Un lampo illuminò volti indignati; il cielo fu squassato da un fragore, laboriosa digestione del Creato.
«La fiaba è vecchia quanto l’uomo: creazione del disagio; deduzione di un peccato; attribuzione della colpa; assoluzione previa redenzione. Tutto è buono, il cosmo è buono, Dio è bontà, tutto è perfetto in un sistema d’armonia silente e cheta. Poi, d’un tratto, arrivi tu, compari tu! Atomo ambizioso, cianci di diritti umani; vuoi un tuo ruolo, chiedi un posto, sogni una serenità. Ti dicono che sì, c’è spazio per chiunque, prego-vieni-ci-vogliamo-bene. Parla, dicci cosa pensi, ma non ti discostare troppo dal pensiero uniformato, che il segreto del successo sta nel mezzo, in medio veritas, si dice. Però ogni cosa ha un prezzo; paga il pegno della tua presenza: quella è il tuo peccato originale! Non ci importa più di tanto che tu sia una donna o un uomo: è la persona che temiamo. Quindi credici al peccato, ci sei dentro fino al collo! È evidente che hai problemi con il padre, con la madre, con le autorità ufficiali. È evidente che non sai farti apprezzare, ricercare, compensare, abbindolare. È evidente che hai problemi di autostima!»

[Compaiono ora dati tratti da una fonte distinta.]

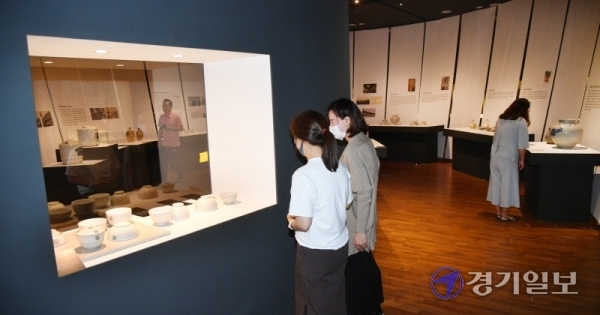 21일 광주시 곤지암 경기도자박물관에서 관계자들이 ‘근대도자, 산업과 예술의 길에 서다’ 기획전 개막을 앞두고 마무리 점검을 하고 있다. 한국도자재단이 22일부터 오는 8월30일까지 개최하는 이번 기획전은 1부와 2부로 나누어 개항 이후부터 광복 이전까지 생산된 작품 154점을 전시해 우리나라 근대 산업ㆍ예술 도자 가치를 재조명 한다.전형민기자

Gracchiare di saracinesca, rimbombo di ferro, chiusura.
La notte non ama i viandanti perbene, la notte è sincera. Protegge ed accoglie soltanto i randagi, gli sbronzi, le scorie inquinanti, le schegge impazzite, i feriti sul campo. Gli illesi, coloro che godono di integrità, non si prestano a certi discorsi: hanno ancora le braccia, le gambe; hanno cara la guerra che chiamano vita, la vita che lordano amando, accettando, eternando la guerra.

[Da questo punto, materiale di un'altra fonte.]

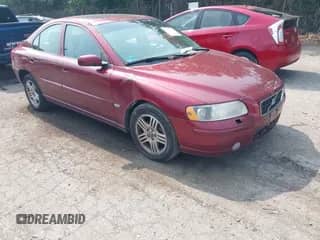 2005 Volvo S60 с VIN YV1RH592652455412, выставлен на аукционе IAAI как лот 42460357 с пробегом 260 051 миль миль и . История ставок и продаж доступна на DreamBid. Изображение 1.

Gracchiare di saracinesca, chiusura, silenzio. La sbronza è finita.
«Sono sola. Nessuno è più solo di me. La battaglia portata nel cuore del mondo è una grave imprudenza, un suicidio invocato a gran voce. Un’ebbrezza divina.»
La pioggia continua a scrosciare. Nel buio volteggiano penne screziate di sangue: la volpe ora è sazia. Valchirie si librano tetre, reclamano croci. L’olezzo di gatto e catrame si è fatto più greve. Un tallone sobbalza tra il tacco ed il suolo, là in fondo alla via, sorreggendo una folta peluria fluttuante di aquila, bove, leone ed umano, evangelico verbo di bimba. Lo spiazzo s’è fatto deserto. Il diluvio durò molto a lungo. Ed ancora non tende a scemare.